PFT is an orthopedic emergency and should be suspected if Kanavel's cardinal symptoms are present. If diagnosis is delayed, the patient is at increased risk of tendon necrosis, adhesion formation, amputation, and spread of infection to the radial/ulnar bursa or the Parona space (3). Previously, the difficulty with diagnosis is that it was largely clinical, but multiple studies have demonstrated that ultrasound can be used to confidently diagnosis PFT (4,5,7,8). Jardin et al. (4) reported on 57 patients that ultrasonography has a sensitivity of 94.4%, specificity of 74.4%, a positive predictive value of 63%, and a negative predictive value of 96.7% using surgical exploration as a reference. Therefore, the major utility of ultrasonography is in ruling out PFT. Hmamouchi et al. (8) made a similar conclusion while studying ultrasound use in detecting early arthritis, determining that it is very sensitive at detecting early inflammation. Jardin et al. (4) and Padrez et al. (9) both identified characteristic ultrasonographic findings of PFT from their respective studies:
- hypoechogenic peritendinous effusion with no signal on color Doppler, and
- thickened synovial sheath that is hypoechoic and hyperemic on color Doppler in the acute inflammatory phase.

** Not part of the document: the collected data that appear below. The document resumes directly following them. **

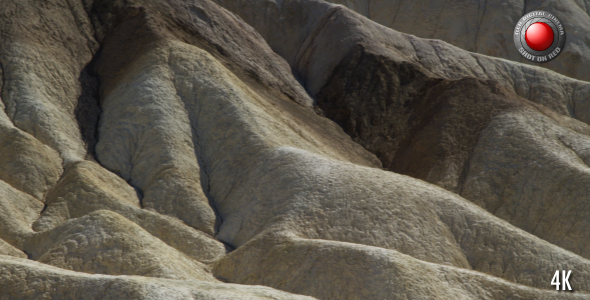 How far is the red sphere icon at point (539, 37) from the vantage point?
5222cm

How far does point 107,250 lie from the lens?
1836 centimetres

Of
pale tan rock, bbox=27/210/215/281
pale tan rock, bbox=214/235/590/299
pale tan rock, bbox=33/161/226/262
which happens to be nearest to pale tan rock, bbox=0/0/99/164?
pale tan rock, bbox=33/161/226/262

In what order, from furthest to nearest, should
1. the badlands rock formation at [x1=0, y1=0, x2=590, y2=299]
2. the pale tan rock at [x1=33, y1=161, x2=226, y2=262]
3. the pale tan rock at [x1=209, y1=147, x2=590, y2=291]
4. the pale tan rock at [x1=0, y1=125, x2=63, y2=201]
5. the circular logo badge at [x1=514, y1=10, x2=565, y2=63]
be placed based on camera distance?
the circular logo badge at [x1=514, y1=10, x2=565, y2=63]
the pale tan rock at [x1=0, y1=125, x2=63, y2=201]
the pale tan rock at [x1=33, y1=161, x2=226, y2=262]
the pale tan rock at [x1=209, y1=147, x2=590, y2=291]
the badlands rock formation at [x1=0, y1=0, x2=590, y2=299]

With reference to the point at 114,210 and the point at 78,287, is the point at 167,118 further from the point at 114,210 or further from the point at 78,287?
the point at 78,287

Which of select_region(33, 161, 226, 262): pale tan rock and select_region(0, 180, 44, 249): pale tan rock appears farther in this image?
select_region(33, 161, 226, 262): pale tan rock

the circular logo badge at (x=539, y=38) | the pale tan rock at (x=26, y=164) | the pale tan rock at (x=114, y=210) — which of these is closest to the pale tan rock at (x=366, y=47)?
the circular logo badge at (x=539, y=38)

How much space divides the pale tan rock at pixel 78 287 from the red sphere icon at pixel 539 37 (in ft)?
151

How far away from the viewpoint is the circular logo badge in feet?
171

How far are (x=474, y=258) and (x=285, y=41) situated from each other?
24114 millimetres

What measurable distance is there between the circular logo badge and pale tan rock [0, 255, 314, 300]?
44759 mm

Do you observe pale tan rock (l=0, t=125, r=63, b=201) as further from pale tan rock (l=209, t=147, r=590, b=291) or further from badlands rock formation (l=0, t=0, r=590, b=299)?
pale tan rock (l=209, t=147, r=590, b=291)

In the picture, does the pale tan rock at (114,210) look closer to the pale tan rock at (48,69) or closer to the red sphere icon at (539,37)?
the pale tan rock at (48,69)

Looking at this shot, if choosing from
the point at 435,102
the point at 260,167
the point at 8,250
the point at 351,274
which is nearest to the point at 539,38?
the point at 435,102

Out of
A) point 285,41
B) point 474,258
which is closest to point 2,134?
point 474,258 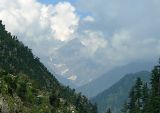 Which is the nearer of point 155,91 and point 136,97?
point 155,91

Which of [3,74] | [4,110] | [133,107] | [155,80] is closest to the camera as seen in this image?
[4,110]

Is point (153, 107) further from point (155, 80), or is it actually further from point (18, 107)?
point (18, 107)

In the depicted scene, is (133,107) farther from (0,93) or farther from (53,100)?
(0,93)

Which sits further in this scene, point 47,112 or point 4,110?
point 47,112

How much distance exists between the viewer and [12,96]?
7262cm

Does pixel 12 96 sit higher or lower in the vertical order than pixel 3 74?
lower

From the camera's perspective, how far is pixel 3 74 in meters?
86.8

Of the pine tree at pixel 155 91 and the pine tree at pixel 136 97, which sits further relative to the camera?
the pine tree at pixel 136 97

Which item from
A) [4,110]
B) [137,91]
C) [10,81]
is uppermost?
[137,91]

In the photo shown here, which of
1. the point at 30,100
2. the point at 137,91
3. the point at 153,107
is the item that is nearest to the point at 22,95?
the point at 30,100

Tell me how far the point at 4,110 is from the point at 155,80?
50877mm

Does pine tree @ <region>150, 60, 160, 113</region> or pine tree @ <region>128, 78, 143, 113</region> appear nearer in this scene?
pine tree @ <region>150, 60, 160, 113</region>

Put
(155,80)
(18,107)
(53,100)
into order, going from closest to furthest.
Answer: (18,107), (155,80), (53,100)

This case report differs from other studies in that we utilized ultrasonography as an objective treatment monitoring device versus solely for diagnostic purposes. The use of ultrasound aided in early diagnosis of PFT and allowed for nonoperative treatment of our patient, as well as serial monitoring.

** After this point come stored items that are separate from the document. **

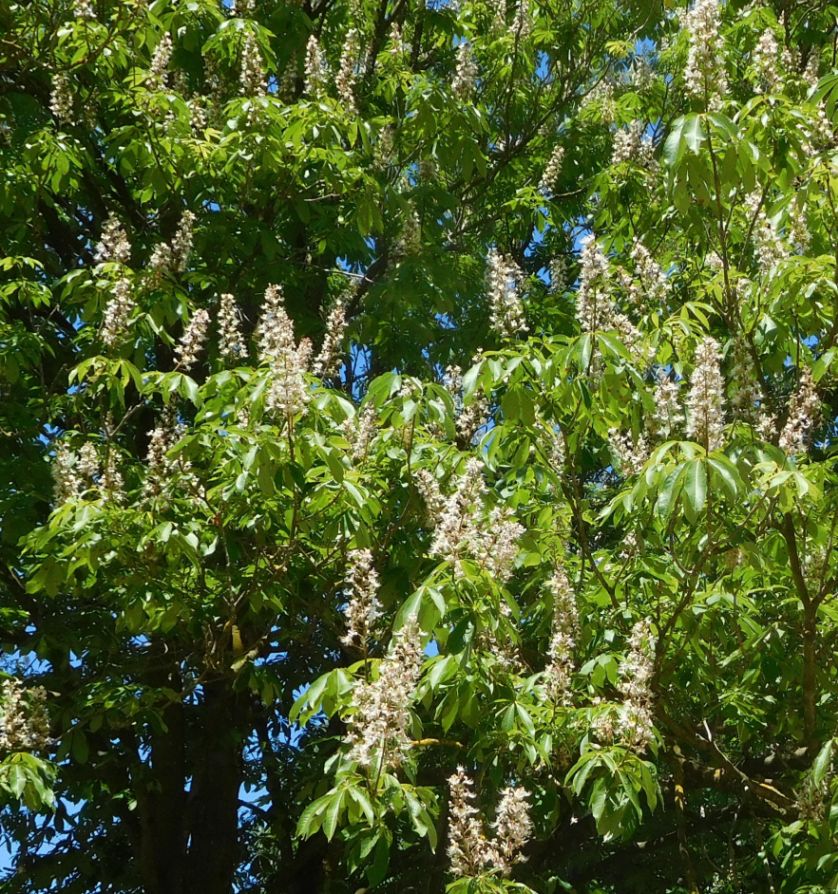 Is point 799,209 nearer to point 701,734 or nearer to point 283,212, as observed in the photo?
point 701,734

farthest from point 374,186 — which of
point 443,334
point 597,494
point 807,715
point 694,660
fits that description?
point 807,715

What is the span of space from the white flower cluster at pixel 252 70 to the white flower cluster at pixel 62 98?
32.2 inches

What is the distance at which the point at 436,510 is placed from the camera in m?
4.46

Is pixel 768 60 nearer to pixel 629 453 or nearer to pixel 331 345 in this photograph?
pixel 629 453

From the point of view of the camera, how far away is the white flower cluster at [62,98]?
5734mm

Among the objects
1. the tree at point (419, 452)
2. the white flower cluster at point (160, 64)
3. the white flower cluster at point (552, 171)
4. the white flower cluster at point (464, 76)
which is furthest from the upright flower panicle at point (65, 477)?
the white flower cluster at point (552, 171)

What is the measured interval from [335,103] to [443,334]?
1.39 meters

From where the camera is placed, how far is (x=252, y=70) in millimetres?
5750

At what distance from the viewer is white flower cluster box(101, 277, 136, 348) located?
4.73 m

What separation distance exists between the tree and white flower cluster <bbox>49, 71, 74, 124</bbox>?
0.06 feet

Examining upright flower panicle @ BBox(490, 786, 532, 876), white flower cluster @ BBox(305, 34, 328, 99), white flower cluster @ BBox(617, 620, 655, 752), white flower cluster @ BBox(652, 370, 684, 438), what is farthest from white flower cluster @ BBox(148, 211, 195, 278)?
upright flower panicle @ BBox(490, 786, 532, 876)

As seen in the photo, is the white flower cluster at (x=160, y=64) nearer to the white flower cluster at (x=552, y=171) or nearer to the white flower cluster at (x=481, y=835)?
the white flower cluster at (x=552, y=171)

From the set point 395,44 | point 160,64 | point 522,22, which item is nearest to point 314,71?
point 160,64

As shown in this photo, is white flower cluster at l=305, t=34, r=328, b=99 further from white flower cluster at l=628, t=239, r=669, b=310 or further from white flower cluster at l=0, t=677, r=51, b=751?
white flower cluster at l=0, t=677, r=51, b=751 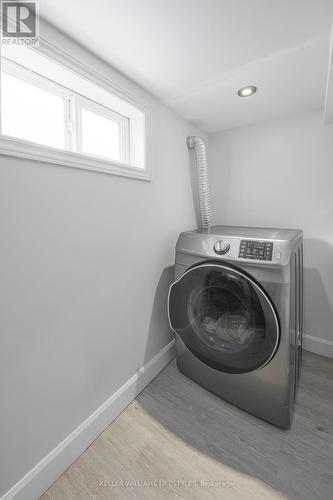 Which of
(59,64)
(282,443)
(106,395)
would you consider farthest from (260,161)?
(106,395)

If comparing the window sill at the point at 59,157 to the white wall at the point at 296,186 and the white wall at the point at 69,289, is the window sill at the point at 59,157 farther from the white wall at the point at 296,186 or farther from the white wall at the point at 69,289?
the white wall at the point at 296,186

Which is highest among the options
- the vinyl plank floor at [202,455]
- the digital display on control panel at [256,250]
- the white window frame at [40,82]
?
the white window frame at [40,82]

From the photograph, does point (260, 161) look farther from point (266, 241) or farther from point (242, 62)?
point (266, 241)

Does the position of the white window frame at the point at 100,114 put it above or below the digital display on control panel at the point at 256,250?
above

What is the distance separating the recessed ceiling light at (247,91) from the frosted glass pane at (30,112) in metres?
1.01

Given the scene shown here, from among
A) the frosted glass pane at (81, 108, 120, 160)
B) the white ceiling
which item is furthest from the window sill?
the white ceiling

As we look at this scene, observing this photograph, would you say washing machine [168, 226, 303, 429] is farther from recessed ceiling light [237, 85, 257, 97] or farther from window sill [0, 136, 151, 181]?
recessed ceiling light [237, 85, 257, 97]

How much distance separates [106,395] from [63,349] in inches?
17.8

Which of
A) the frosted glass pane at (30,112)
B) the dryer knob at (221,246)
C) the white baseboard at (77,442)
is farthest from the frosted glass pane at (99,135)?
the white baseboard at (77,442)

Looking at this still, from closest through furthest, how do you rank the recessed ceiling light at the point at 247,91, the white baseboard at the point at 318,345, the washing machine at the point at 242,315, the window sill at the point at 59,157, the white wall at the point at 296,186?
the window sill at the point at 59,157 → the washing machine at the point at 242,315 → the recessed ceiling light at the point at 247,91 → the white wall at the point at 296,186 → the white baseboard at the point at 318,345

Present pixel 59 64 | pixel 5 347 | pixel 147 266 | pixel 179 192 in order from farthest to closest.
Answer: pixel 179 192 → pixel 147 266 → pixel 59 64 → pixel 5 347

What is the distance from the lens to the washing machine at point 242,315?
1.08 metres

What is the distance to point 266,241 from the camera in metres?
1.11

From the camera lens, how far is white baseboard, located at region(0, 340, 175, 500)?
35.9 inches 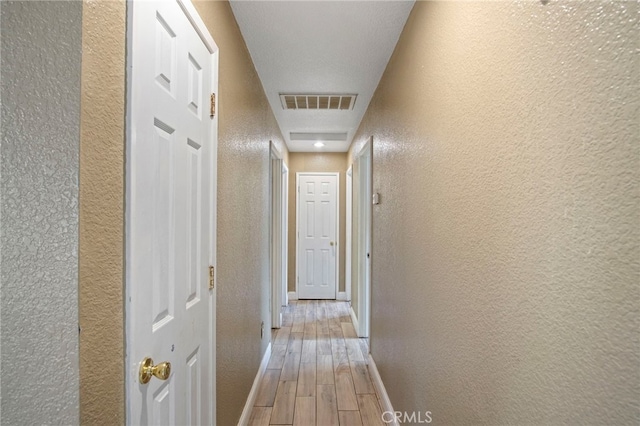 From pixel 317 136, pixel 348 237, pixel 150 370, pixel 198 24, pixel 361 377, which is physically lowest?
pixel 361 377

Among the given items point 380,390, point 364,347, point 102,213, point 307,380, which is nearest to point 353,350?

Historically, the mainstay of treatment involves surgical intervention, including either open debridement with irrigation or percutaneous catheter irrigation. There have been no statistically different outcomes with either treatment, but open debridement has been associated with higher rates of complications (10). While surgical treatment with PFT is the current standard therapy, it must be performed judiciously due to potential complications including postoperative stiffness, intraoperative damage to pedicles, and wound healing defects (4).
Since surgical therapy is not completely benign in nature, we explored antibiotic therapy as a monotherapy. Although antibiotic use has been increasing, there is a lack of uniformity and minimal literature supporting the use of antibiotics as monotherapy (2). Current literature suggests that nonoperative management of PFT may be appropriate if a patient presents within 48 h of development of symptoms and the chosen antibiotics cover both Staphylococcus and Streptococcus species at a minimum to include consideration for methicillin-resistant Staphylococcus aureus (MRSA) (10). Antibiotic use was appropriate in our otherwise healthy patient because of his early presentation and ability to have daily follow-up to inquire about his subjective improvement and objective improvement as evidenced on ultrasonography.

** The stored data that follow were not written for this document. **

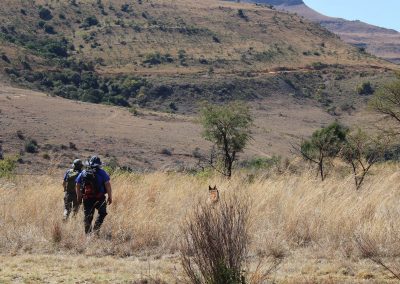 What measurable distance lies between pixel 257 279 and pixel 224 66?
80253 mm

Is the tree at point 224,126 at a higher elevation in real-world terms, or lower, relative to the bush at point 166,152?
higher

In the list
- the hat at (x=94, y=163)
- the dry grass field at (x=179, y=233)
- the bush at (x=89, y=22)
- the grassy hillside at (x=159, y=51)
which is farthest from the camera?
the bush at (x=89, y=22)

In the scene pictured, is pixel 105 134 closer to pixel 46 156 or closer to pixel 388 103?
pixel 46 156

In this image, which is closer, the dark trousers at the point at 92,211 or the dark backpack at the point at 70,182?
the dark trousers at the point at 92,211

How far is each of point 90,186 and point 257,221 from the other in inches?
99.2

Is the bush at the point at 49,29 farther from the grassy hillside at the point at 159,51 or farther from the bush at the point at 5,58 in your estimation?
the bush at the point at 5,58

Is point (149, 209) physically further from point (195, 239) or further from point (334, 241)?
point (195, 239)

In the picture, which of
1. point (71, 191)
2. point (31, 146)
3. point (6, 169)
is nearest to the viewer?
point (71, 191)

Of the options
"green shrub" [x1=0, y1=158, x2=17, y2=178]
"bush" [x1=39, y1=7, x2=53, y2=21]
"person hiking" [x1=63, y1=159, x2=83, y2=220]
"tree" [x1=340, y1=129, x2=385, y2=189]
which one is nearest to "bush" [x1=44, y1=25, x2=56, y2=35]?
"bush" [x1=39, y1=7, x2=53, y2=21]

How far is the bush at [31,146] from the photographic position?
4271 cm

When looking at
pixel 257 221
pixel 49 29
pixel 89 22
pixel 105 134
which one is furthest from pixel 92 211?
pixel 89 22

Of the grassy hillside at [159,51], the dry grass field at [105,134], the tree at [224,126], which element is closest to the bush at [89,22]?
the grassy hillside at [159,51]

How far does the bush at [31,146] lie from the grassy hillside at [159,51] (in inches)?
1043

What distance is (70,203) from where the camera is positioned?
396 inches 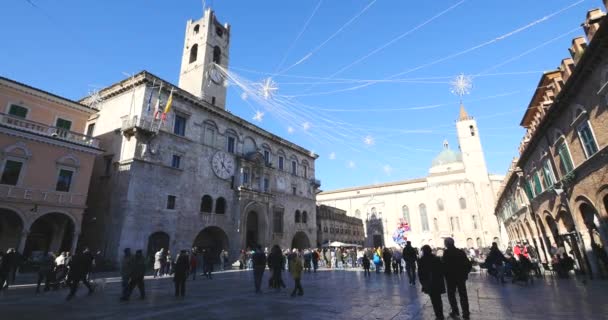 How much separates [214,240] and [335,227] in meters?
25.2

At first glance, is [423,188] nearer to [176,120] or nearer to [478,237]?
[478,237]

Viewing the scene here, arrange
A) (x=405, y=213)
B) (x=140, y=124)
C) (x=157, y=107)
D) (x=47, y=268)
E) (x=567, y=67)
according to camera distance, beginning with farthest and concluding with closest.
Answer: (x=405, y=213) → (x=157, y=107) → (x=140, y=124) → (x=567, y=67) → (x=47, y=268)

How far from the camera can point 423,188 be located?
213ft

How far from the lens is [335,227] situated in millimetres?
48156

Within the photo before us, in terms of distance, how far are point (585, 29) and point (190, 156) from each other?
950 inches

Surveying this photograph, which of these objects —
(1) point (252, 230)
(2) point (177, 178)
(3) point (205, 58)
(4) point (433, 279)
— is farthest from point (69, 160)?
(4) point (433, 279)

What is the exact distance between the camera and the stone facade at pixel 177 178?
66.7 ft

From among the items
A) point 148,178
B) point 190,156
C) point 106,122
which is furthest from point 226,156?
point 106,122

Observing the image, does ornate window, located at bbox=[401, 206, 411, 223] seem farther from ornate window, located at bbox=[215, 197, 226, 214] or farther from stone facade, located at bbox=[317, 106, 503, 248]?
ornate window, located at bbox=[215, 197, 226, 214]

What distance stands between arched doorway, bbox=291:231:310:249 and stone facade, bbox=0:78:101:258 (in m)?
22.1

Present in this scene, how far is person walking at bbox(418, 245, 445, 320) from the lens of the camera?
19.0 feet

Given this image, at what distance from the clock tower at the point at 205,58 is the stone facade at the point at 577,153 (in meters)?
27.8

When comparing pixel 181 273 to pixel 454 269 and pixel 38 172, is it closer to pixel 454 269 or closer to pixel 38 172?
pixel 454 269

In this case report, we demonstrated that PFT can be successfully detected and monitored using ultrasound in conjunction with a clinical examination. The ability of the ultrasonographer to interpret the effectiveness of antibiotic monotherapy allowed us to treat this patient without surgical intervention or having to obtain invasive tissue culture for diagnosis. We believe that serial monitoring with ultrasonography should be systematically studied. The use of ultrasound does have its limitations including access and ability to interpret the findings. This can be overcome with resourcing, education, and training. We believe that the utility of POC ultrasonography is only beginning to be realized and recommend more studies and guidelines on its proper implementation.
The authors declare no conflict of interest and do not have any financial disclosures.
The views expressed are solely those of the authors and do not reflect the official policy or position of the US Army, US Navy, US Air Force, the Department of Defense, or the US Government.